## [Data provided]
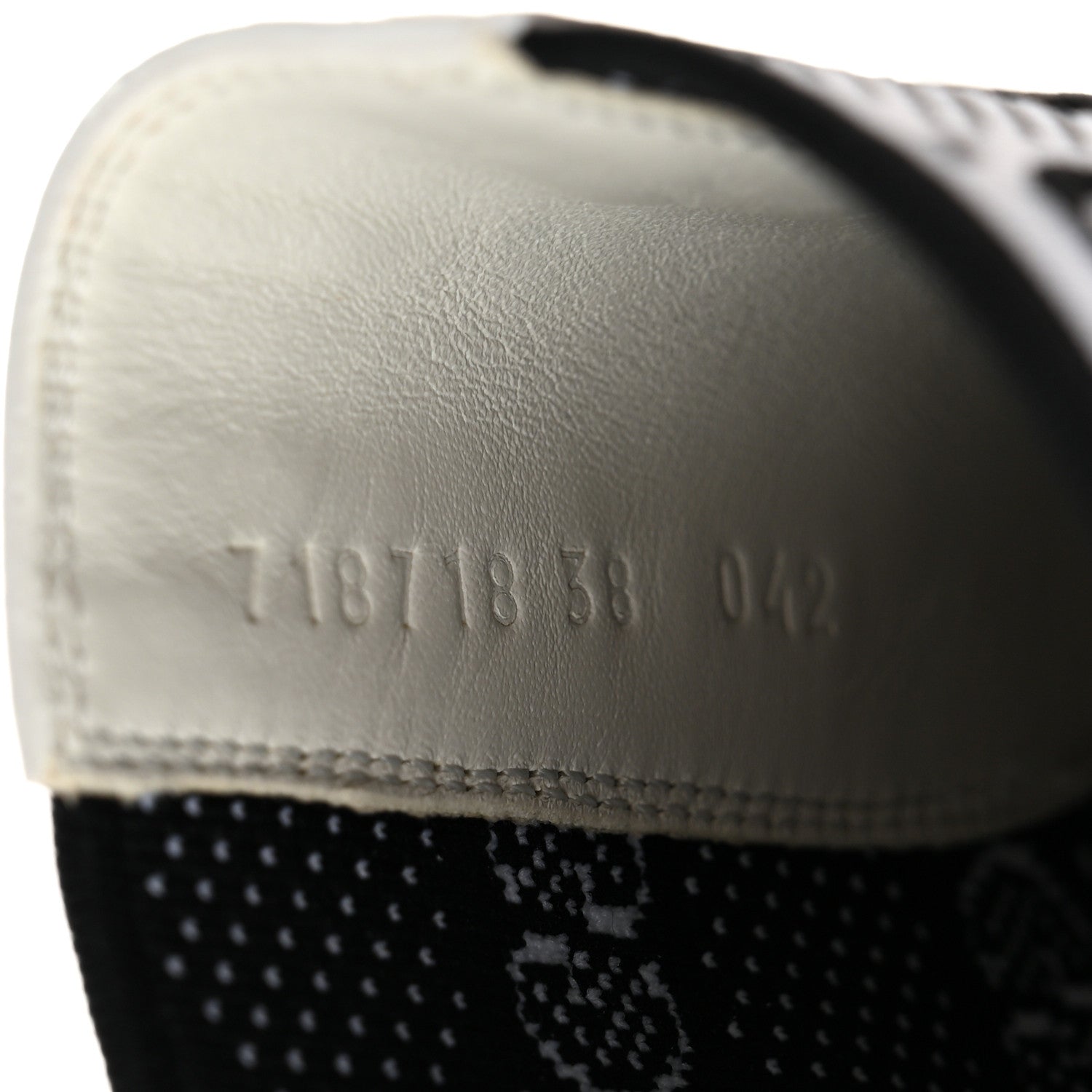 Gucci Dali Soft Calfskin Technical Jersey Knit GG Monogram Ankle Boots 38 White Great White Black 6 of 9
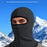 Cycling Face Mask Full Face Coverage Autumn Winter Thermal Neck Gaiter Balaclava for Skiing - Linen Black - 2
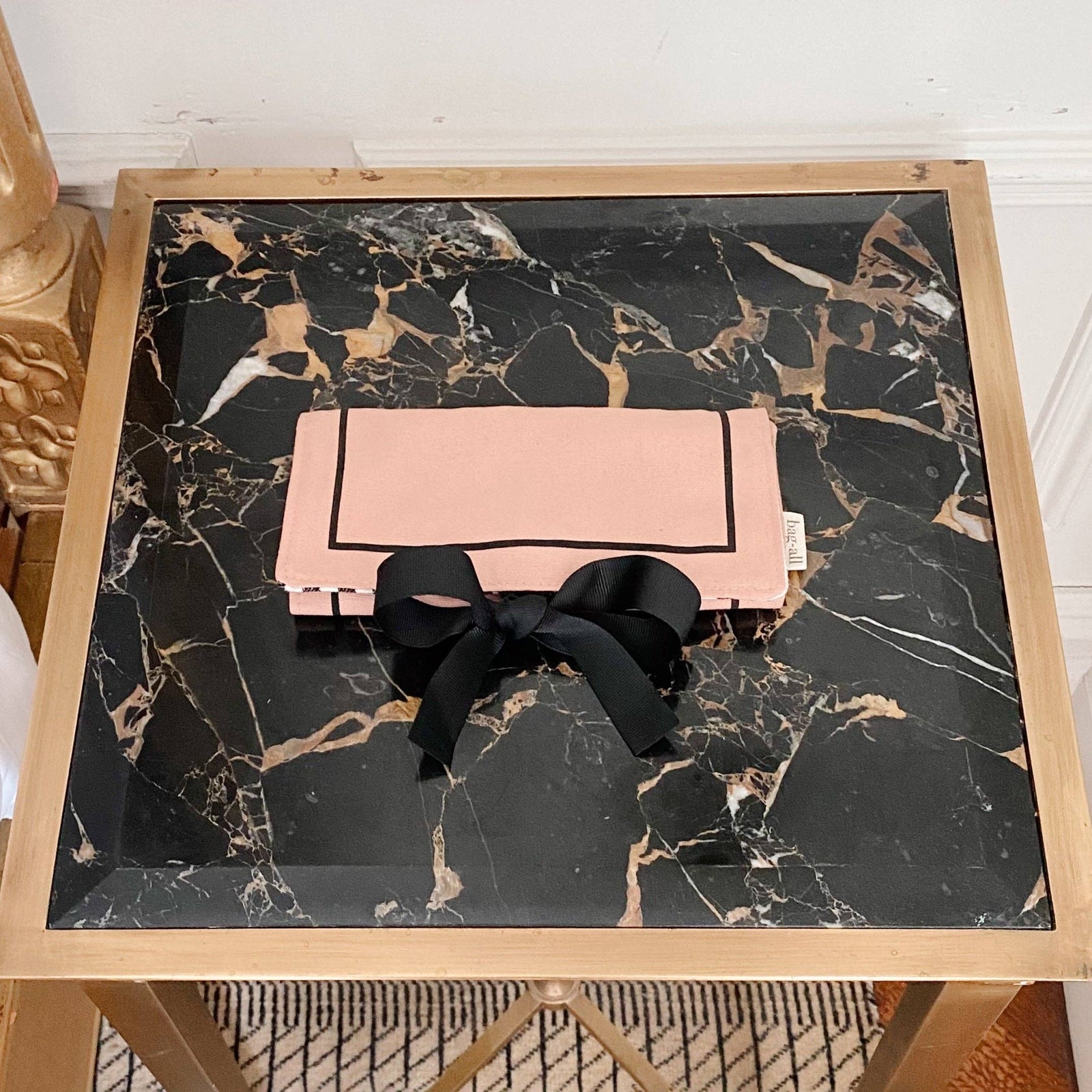 Couture Jewelry Roll, Medium, Pink/Blush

## [What to produce]
A word-for-word transcription of the listing is needed, minus its images.

## [Task output]
 Gucci Dali Soft Calfskin Technical Jersey Knit GG Monogram Ankle Boots 38 White Great White Black 6 of 9
 Cycling Face Mask Full Face Coverage Autumn Winter Thermal Neck Gaiter Balaclava for Skiing - Linen Black - 2
 Couture Jewelry Roll, Medium, Pink/Blush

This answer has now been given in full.